:: EXERCISE ::
Check every line of the entries for "dark", and copy the lines that hold it.

(Short descriptive text snippets)
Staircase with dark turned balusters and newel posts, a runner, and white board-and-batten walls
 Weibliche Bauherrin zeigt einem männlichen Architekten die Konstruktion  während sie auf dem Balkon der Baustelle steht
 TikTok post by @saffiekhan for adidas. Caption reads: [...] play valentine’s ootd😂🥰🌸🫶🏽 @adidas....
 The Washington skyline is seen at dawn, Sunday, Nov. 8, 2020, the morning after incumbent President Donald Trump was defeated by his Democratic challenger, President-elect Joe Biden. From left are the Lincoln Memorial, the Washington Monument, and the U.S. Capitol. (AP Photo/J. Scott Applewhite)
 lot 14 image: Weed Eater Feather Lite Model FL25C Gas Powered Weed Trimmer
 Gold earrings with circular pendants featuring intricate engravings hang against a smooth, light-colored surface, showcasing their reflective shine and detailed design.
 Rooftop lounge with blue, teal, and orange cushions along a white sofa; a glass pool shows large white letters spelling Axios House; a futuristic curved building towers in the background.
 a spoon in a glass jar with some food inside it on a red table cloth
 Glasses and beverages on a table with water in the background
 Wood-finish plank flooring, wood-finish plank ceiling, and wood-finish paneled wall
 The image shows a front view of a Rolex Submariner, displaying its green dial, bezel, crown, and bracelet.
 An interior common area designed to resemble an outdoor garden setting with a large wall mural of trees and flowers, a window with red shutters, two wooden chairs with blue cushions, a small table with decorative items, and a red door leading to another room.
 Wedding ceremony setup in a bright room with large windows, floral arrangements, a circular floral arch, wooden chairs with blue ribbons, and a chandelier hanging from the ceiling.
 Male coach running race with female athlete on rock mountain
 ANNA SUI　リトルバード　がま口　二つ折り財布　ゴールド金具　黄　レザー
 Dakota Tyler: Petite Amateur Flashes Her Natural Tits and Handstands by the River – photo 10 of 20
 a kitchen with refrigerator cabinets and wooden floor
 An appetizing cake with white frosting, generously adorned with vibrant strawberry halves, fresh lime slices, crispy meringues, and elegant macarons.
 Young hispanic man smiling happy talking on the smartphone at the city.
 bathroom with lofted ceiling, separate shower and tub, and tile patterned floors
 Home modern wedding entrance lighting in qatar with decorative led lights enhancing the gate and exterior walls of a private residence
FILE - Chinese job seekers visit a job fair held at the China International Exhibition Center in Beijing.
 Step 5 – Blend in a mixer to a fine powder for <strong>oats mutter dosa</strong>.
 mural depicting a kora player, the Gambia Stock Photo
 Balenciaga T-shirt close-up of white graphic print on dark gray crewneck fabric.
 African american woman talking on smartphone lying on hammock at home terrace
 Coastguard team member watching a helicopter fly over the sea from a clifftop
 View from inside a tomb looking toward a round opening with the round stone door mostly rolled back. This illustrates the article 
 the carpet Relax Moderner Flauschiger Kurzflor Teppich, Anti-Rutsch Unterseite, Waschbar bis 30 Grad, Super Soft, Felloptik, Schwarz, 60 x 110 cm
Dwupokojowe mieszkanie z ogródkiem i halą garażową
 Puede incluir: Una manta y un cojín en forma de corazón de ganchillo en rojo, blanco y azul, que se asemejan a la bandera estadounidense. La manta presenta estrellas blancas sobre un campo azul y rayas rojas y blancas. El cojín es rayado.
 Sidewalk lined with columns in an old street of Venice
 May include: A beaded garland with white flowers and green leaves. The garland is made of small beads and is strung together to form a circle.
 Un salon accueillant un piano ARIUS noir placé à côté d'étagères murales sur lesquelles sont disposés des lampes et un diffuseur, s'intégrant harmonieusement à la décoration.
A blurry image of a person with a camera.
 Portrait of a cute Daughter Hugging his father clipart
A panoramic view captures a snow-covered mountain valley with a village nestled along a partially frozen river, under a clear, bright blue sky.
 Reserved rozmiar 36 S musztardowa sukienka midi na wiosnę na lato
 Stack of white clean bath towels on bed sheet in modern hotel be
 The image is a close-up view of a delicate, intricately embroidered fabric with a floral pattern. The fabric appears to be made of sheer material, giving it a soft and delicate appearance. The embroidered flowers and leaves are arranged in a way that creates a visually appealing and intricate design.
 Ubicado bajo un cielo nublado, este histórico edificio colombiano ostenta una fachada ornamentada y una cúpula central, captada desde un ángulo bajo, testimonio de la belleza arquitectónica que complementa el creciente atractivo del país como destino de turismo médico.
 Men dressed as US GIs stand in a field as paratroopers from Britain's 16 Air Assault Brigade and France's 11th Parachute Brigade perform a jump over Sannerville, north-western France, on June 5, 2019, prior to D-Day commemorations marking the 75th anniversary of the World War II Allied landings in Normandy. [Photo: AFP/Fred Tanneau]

:: RESPONSE AREA ::
Staircase with dark turned balusters and newel posts, a runner, and white board-and-batten walls
 Balenciaga T-shirt close-up of white graphic print on dark gray crewneck fabric.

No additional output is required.